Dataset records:
>>>>>

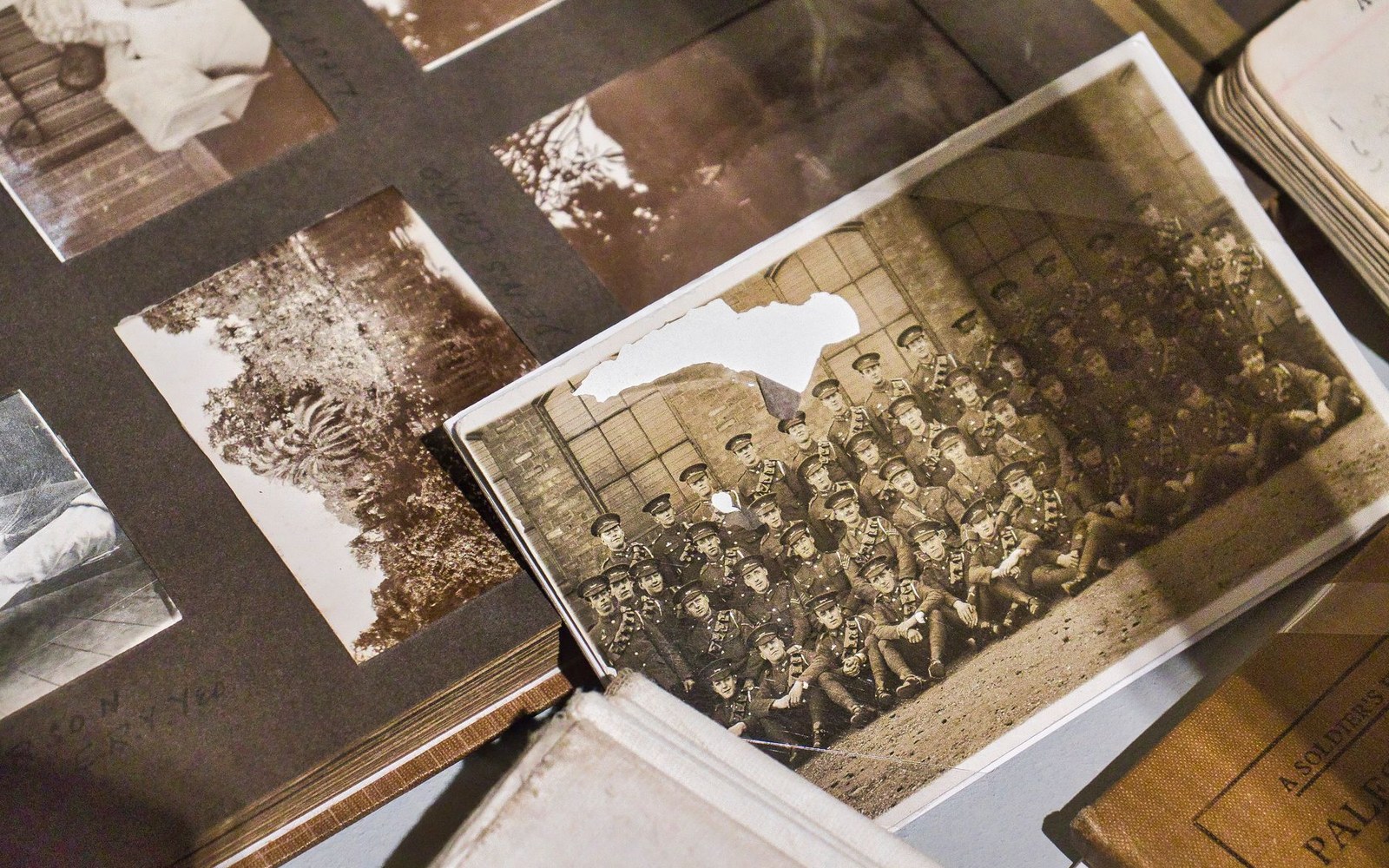 Old sepia photo albums display a torn group portrait of uniformed soldiers posing outdoors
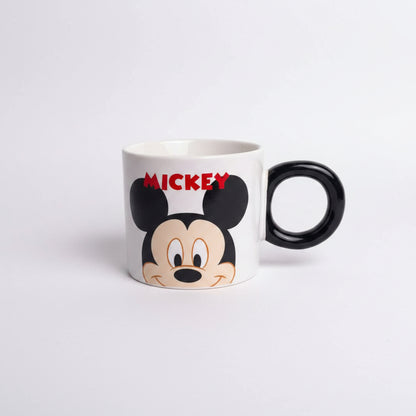 Mickey Mouse mug with black handle on a white background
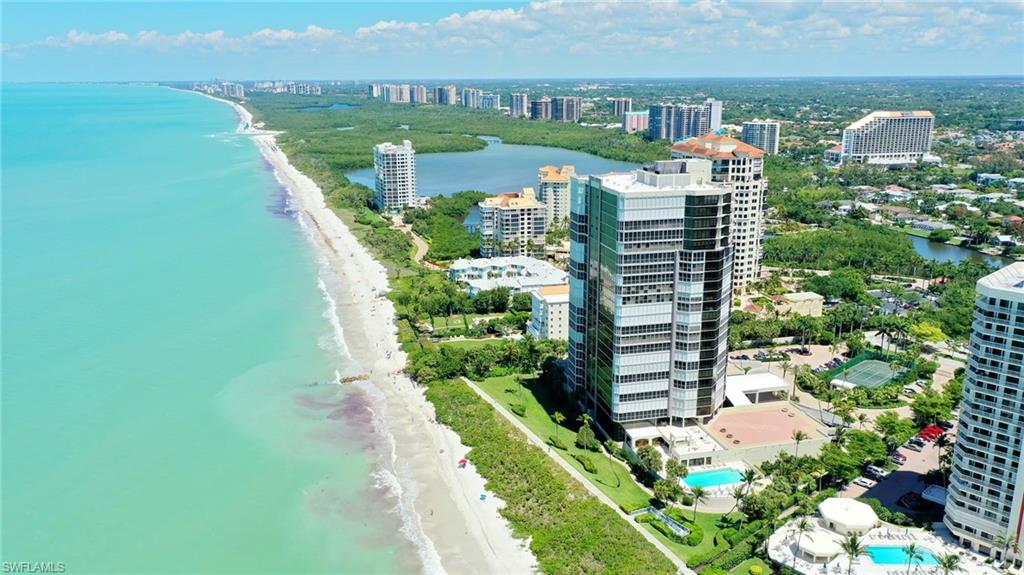 Located at the Northern point of Park Shore Beach this luxury building exudes elegance and privacy. Original owners, this custom open floor plan is filled with natural light from the 9ft. floor to ceiling windows and along the West facing terraces. Both terraces are glassed with sliders that provide the ultimate all-weather, year-round enjoyment. Electric shutters. Three bedroom and den are all direct beachfront, with 3 bathrooms and powder bath. Temperature controlled wine closet ready to be personalized. Spacious interior storage. Le Parc offers a gated, walled entrance, 24 hour security and on-site manager. There is a spectacular 2-story lobby, a modern workout facility, har-tru tennis, and a beachfront heated pool and spa. 2 guest suites. New pool lounge area will include a second story, beach view area to enjoy direct gulf views. Pet friendly. Semi-private apartment entry with only 4 units per floor (2 penthouse) with 2 on each side of building. 2 deeded parking spaces under building and building bike storage and beach gear storage. Active social calendar and part of the Blue Zone healthy living community.Boat slips available to purchase/lease on Venetian Bay.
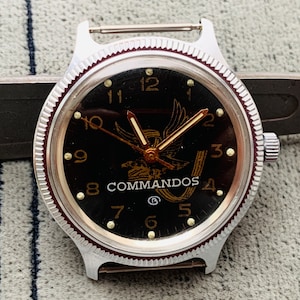 May include: A black watch face with gold accents and a gold eagle design. The watch face reads "COMMANDOS" and has numbers 1 through 12 around the edge. The watch has a silver band.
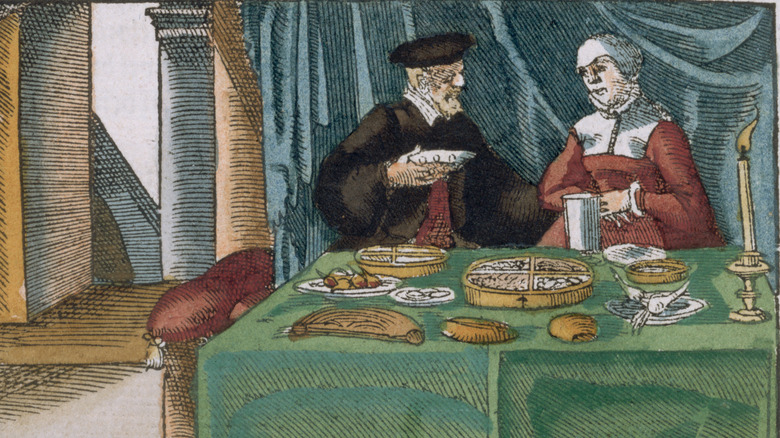 Vintage illustration of a medieval couple at dinner table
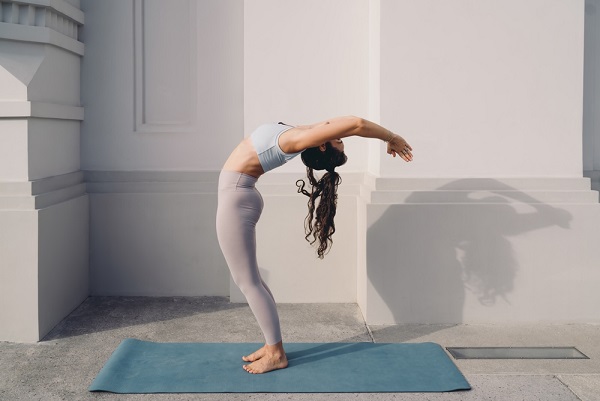 Women Performing Hasta Uttanasana also known as Raised Arm Backbend Pose Women Performing Hasta Uttanasana also known as Raised Arm Backbend Pose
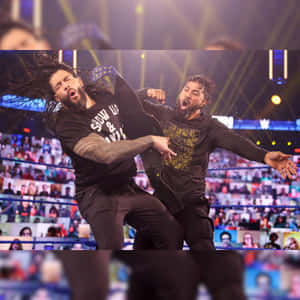 Wwe's Jey Uso In Action Against Roman Reigns Wallpaper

<<<<<

Skip the pictures and print exactly the lines from the one containing "May include: A" through the end of the records above.

 May include: A black watch face with gold accents and a gold eagle design. The watch face reads "COMMANDOS" and has numbers 1 through 12 around the edge. The watch has a silver band.
 Vintage illustration of a medieval couple at dinner table
 Women Performing Hasta Uttanasana also known as Raised Arm Backbend Pose Women Performing Hasta Uttanasana also known as Raised Arm Backbend Pose
 Wwe's Jey Uso In Action Against Roman Reigns Wallpaper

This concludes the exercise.